### EXERCISE REQUIREMENTS
After the line containing "Mrhidemissjachi webcam model stream image", copy nothing more; up to and including it, copy every line of the listing exactly from the first, leaving out the pictures.

### RECORDED INFORMATION
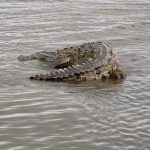 Confirman avistamiento de lagarto en Isla de Ometepe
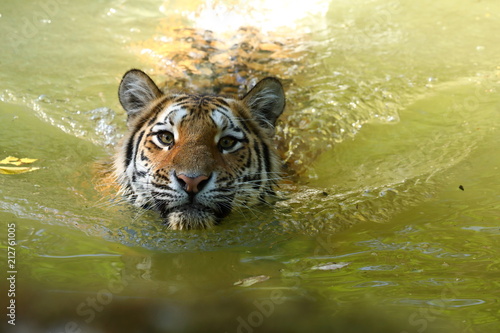 Fototapeta Naklejka Na Ścianę i Meble -  Der Sibirische Tiger 
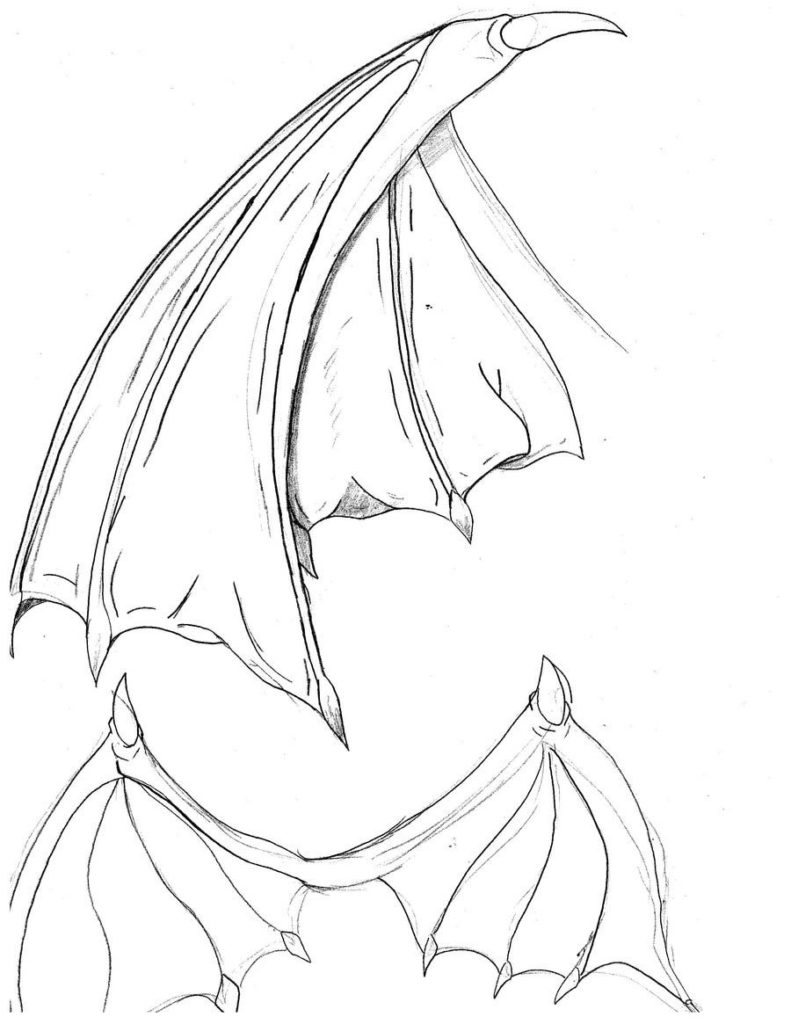 Dragon wings Drawing Reference and Sketches for Artists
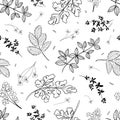 Creative seamless pattern in trendy doodle style. Vector background  with hand drawn texture and leaves. Abstract natural elements Royalty Free Stock Photo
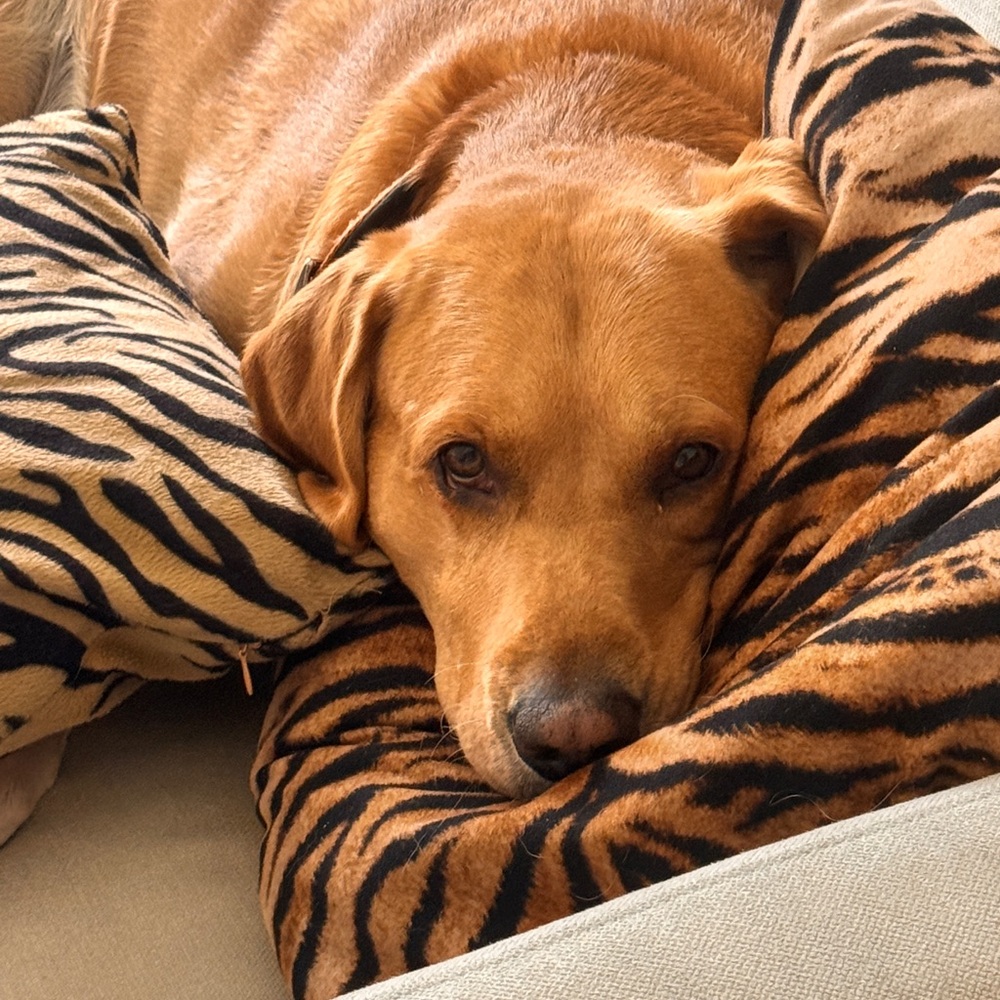 Yves Saint Laurent Tiger Print Pillow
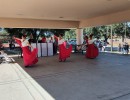 img 20241207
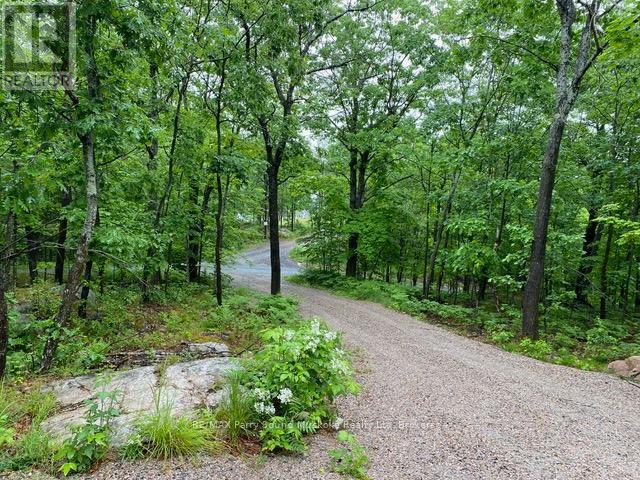 Year round road access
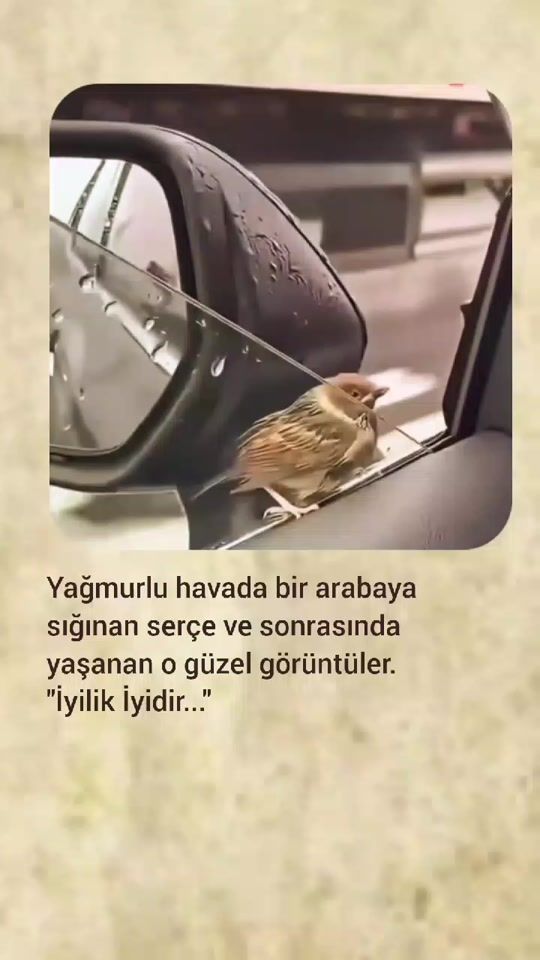 TikTok video thumbnail by gulll.beya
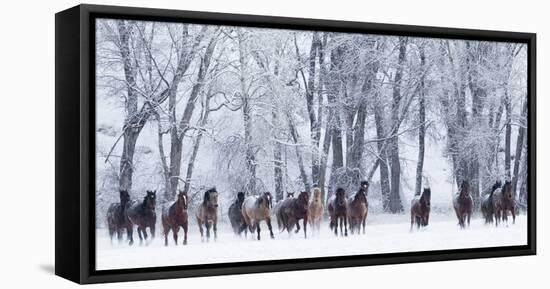 Rf- Quarter Horses Running In Snow At Ranch, Shell, Wyoming, USA, February-Carol Walker-Framed Premier Image Canvas
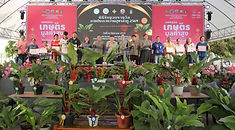 'ศศิน' รองผู้ว่าฯหนองบัวลำภู มอบรางวัลการประกวดว่านอุษา รุ่นนางพญา ว่านอุษาลำภู จากอำเภอโนนสัง คว้ารางวัลชนะเลิศ 
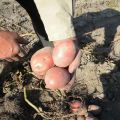 Beskrivelse af kartoffelsorten Zhuravinka, dyrkning og udbytte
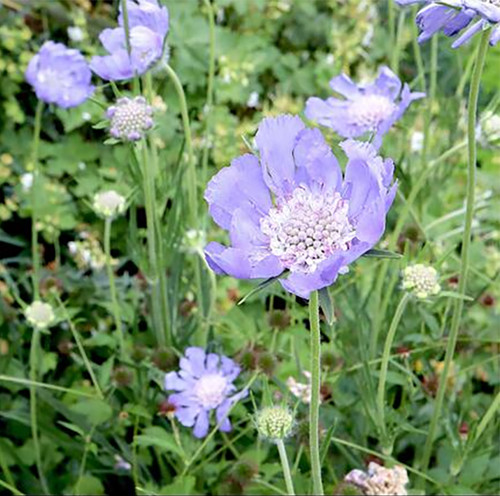Scabious goldingenis plant - goldingenis,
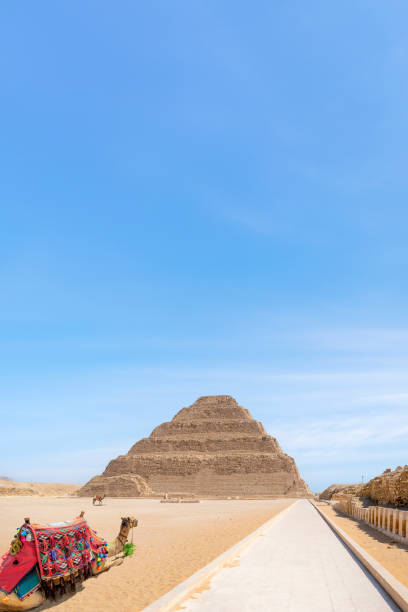 istock Camels at The Step Pyramid, Sakkara, Egypt 2200424210
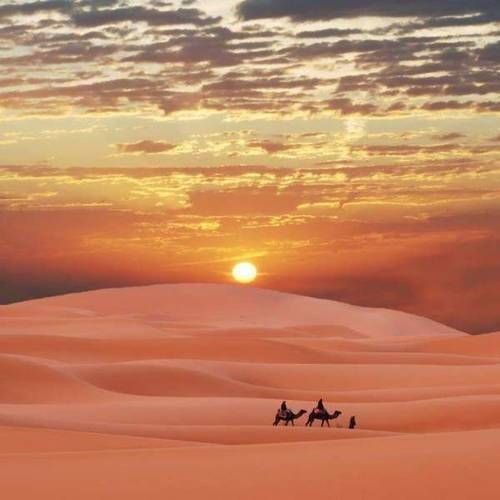 sunrise-in-the-desert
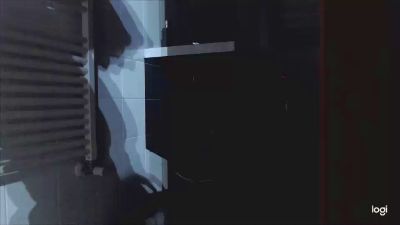 Mrhidemissjachi webcam model stream image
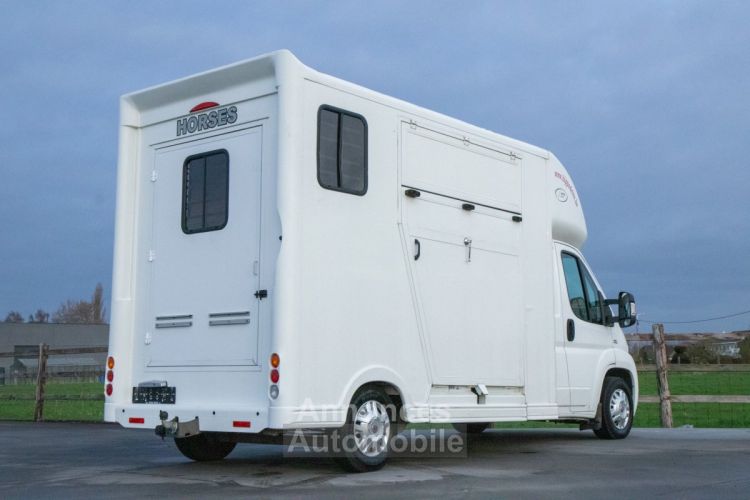 Fiat Ducato Horsetruck - 2 PAARDS - TREKHAAK - AIRCO - LICHTE VRACHT - <small></small> 29.999 € <small>TTC</small> - #7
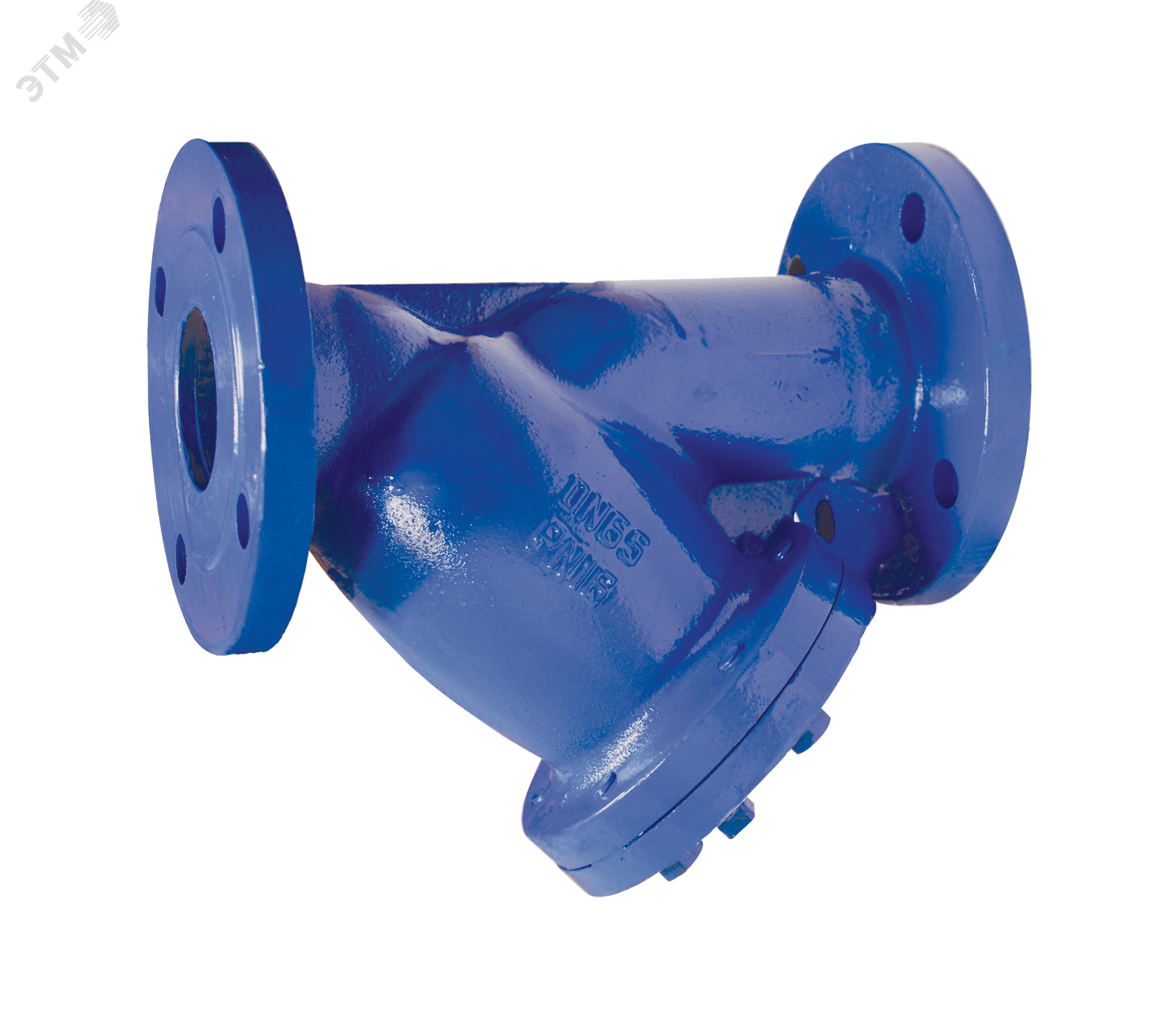 Фильтр сетчатый IS16 чугунный DN300 PN16 со сливной пробкой, фланцевый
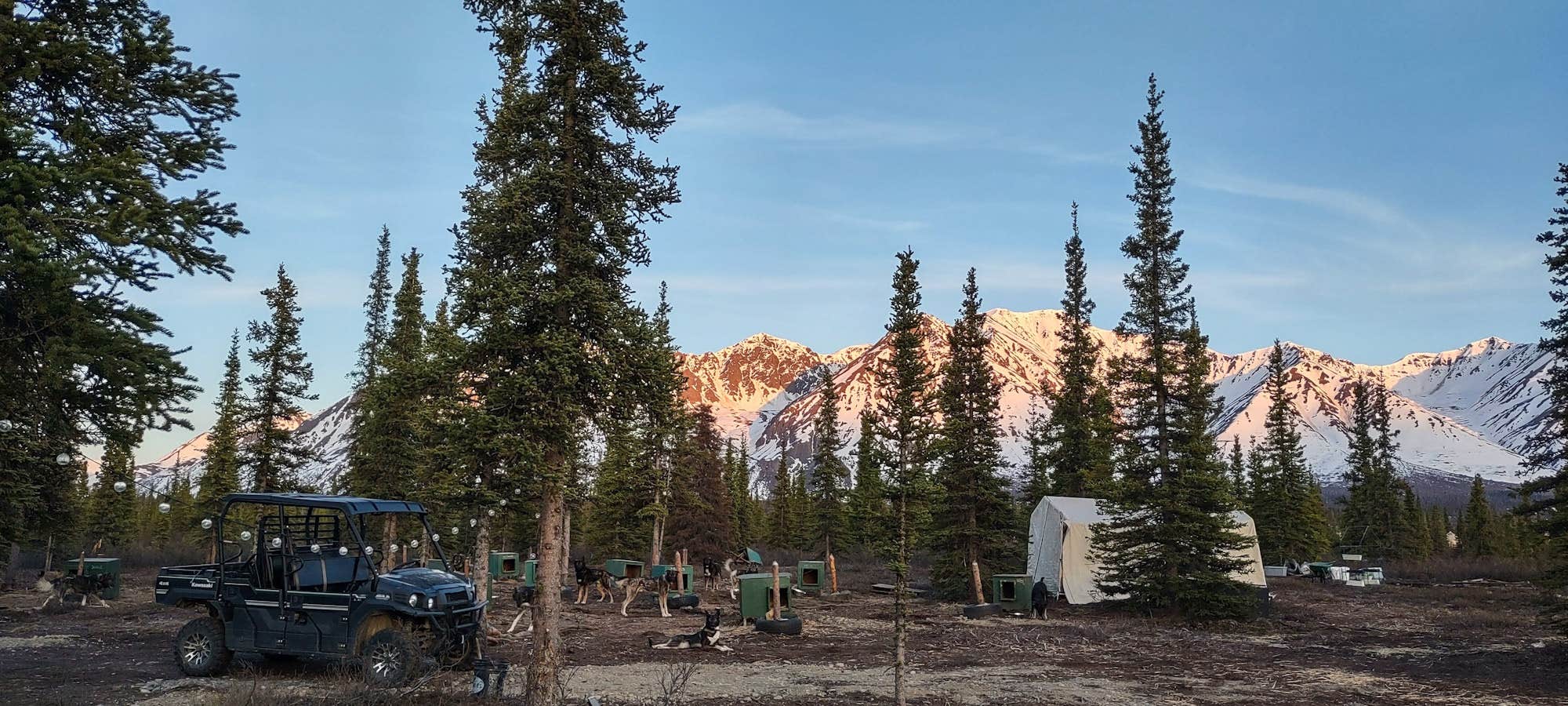 Camper-submitted photo at Wildthingz Dog Mushing near Cantwell, AK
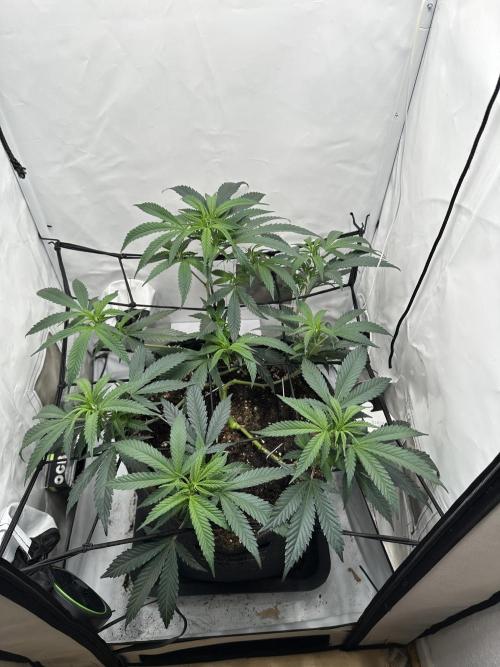 PowerPlant photo X Greenception GCx4-PWR. Week 5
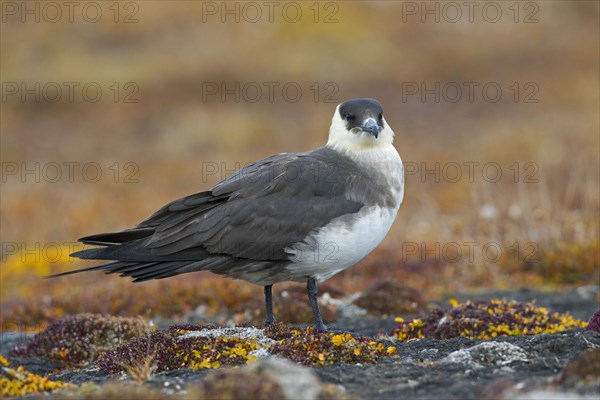 Arctic skua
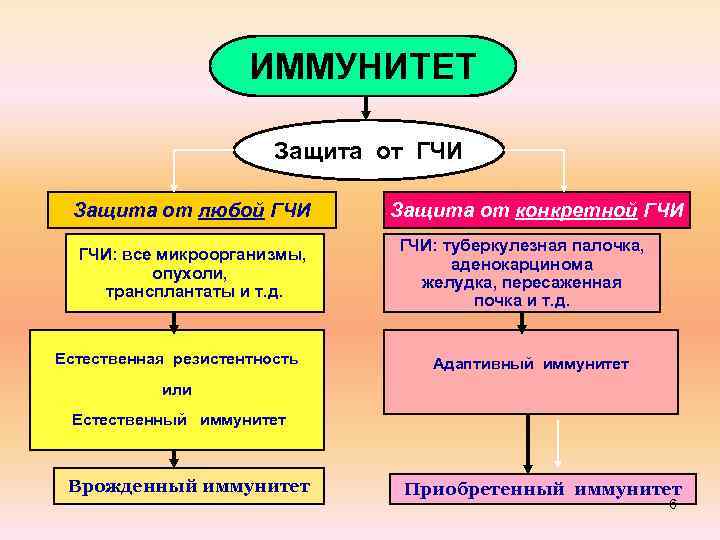 Виды патологии иммунной системы схема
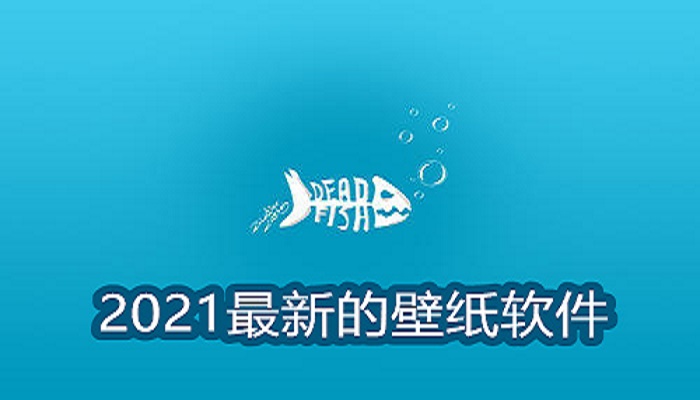 ​2021最新的壁纸软件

### YOUR RESPONSE
 Confirman avistamiento de lagarto en Isla de Ometepe
 Fototapeta Naklejka Na Ścianę i Meble -  Der Sibirische Tiger 
 Dragon wings Drawing Reference and Sketches for Artists
 Creative seamless pattern in trendy doodle style. Vector background  with hand drawn texture and leaves. Abstract natural elements Royalty Free Stock Photo
 Yves Saint Laurent Tiger Print Pillow
 img 20241207
 Year round road access
 TikTok video thumbnail by gulll.beya
 Rf- Quarter Horses Running In Snow At Ranch, Shell, Wyoming, USA, February-Carol Walker-Framed Premier Image Canvas
 'ศศิน' รองผู้ว่าฯหนองบัวลำภู มอบรางวัลการประกวดว่านอุษา รุ่นนางพญา ว่านอุษาลำภู จากอำเภอโนนสัง คว้ารางวัลชนะเลิศ 
 Beskrivelse af kartoffelsorten Zhuravinka, dyrkning og udbytte
Scabious goldingenis plant - goldingenis,
 istock Camels at The Step Pyramid, Sakkara, Egypt 2200424210
 sunrise-in-the-desert
 Mrhidemissjachi webcam model stream image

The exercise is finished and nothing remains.